#### Supplied records
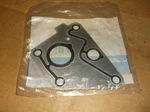 Malibu Engine Coolant Outlet Gasket 12577704 Gm Oem Rh Impala Monte Carlo 06-08. Fixed Price $12.81.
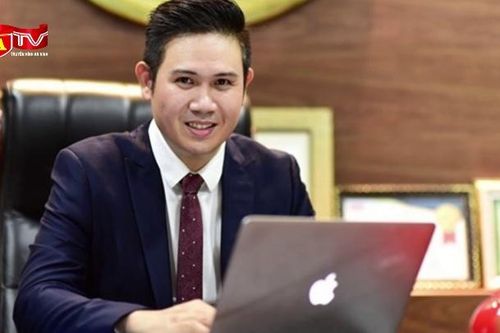 Khởi tố nguyên Chủ tịch HĐQT Công ty Asanzo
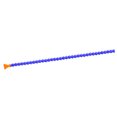 thumbnail image 1 of Water Table Pump, Large Water Volume Splash Water Game Toys  for Kids US Plug 110V,EU Plug 220V, 1 of 7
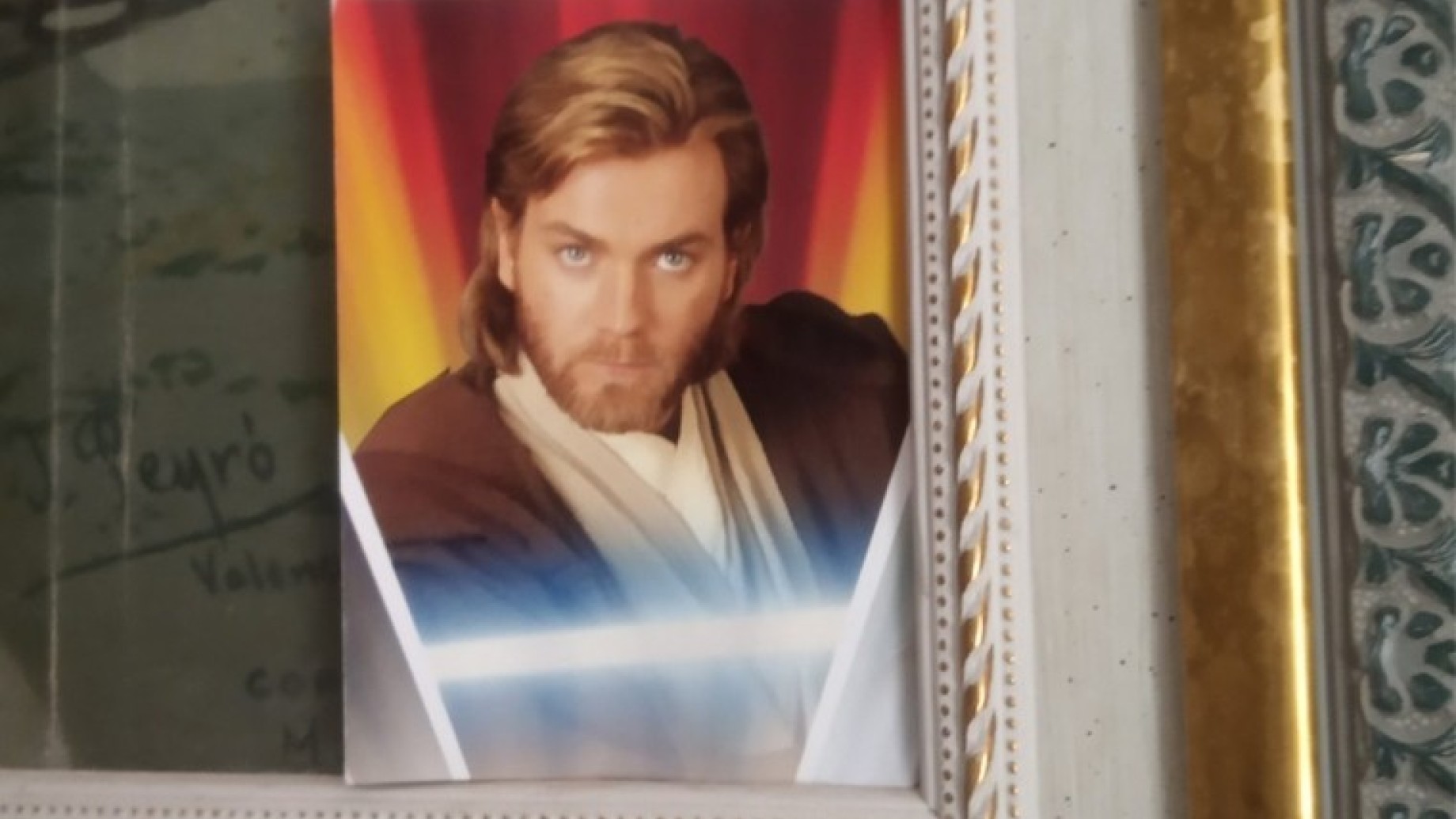 obi-wan-kenobi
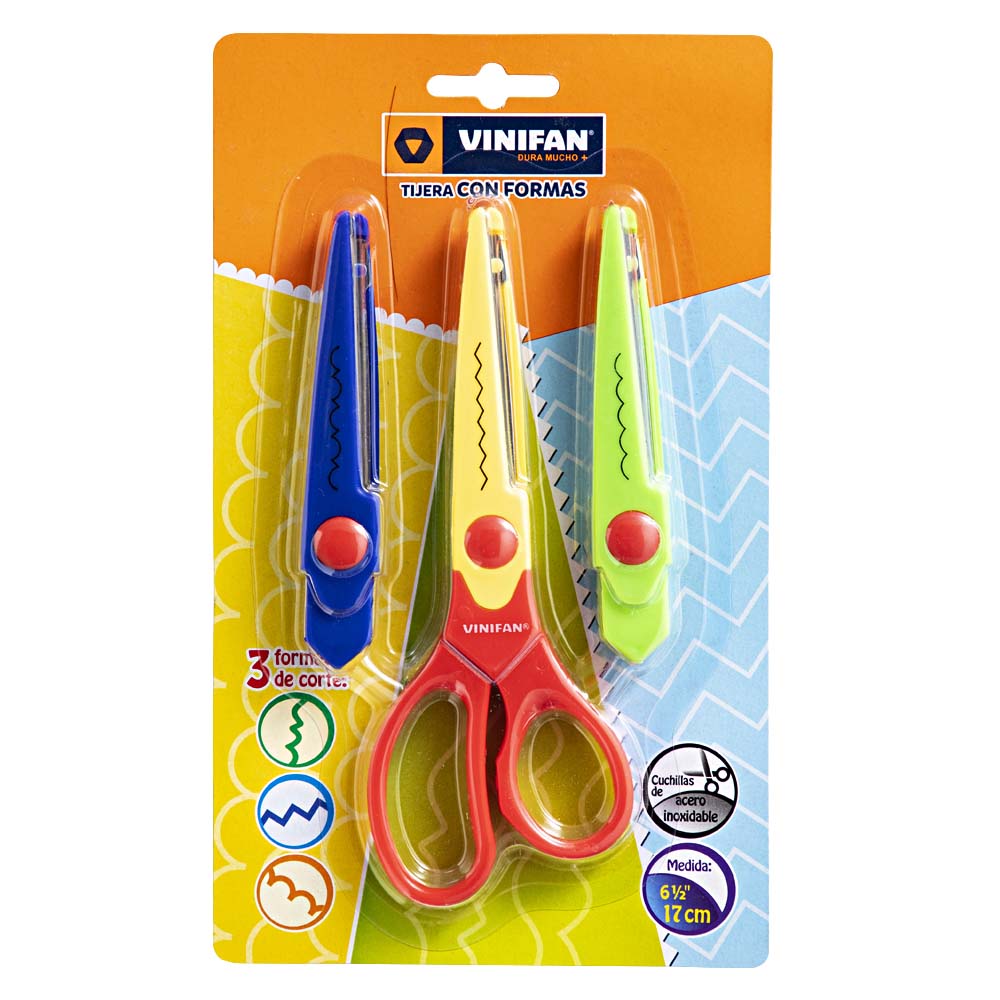 image-188f477b73954d149026f3f0f0300461 image-188f477b73954d149026f3f0f0300461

#### Work item
The entries above are to be repeated exactly, except for any pictures.

#### Result
 Malibu Engine Coolant Outlet Gasket 12577704 Gm Oem Rh Impala Monte Carlo 06-08. Fixed Price $12.81.
 Khởi tố nguyên Chủ tịch HĐQT Công ty Asanzo
 thumbnail image 1 of Water Table Pump, Large Water Volume Splash Water Game Toys  for Kids US Plug 110V,EU Plug 220V, 1 of 7
 obi-wan-kenobi
 image-188f477b73954d149026f3f0f0300461 image-188f477b73954d149026f3f0f0300461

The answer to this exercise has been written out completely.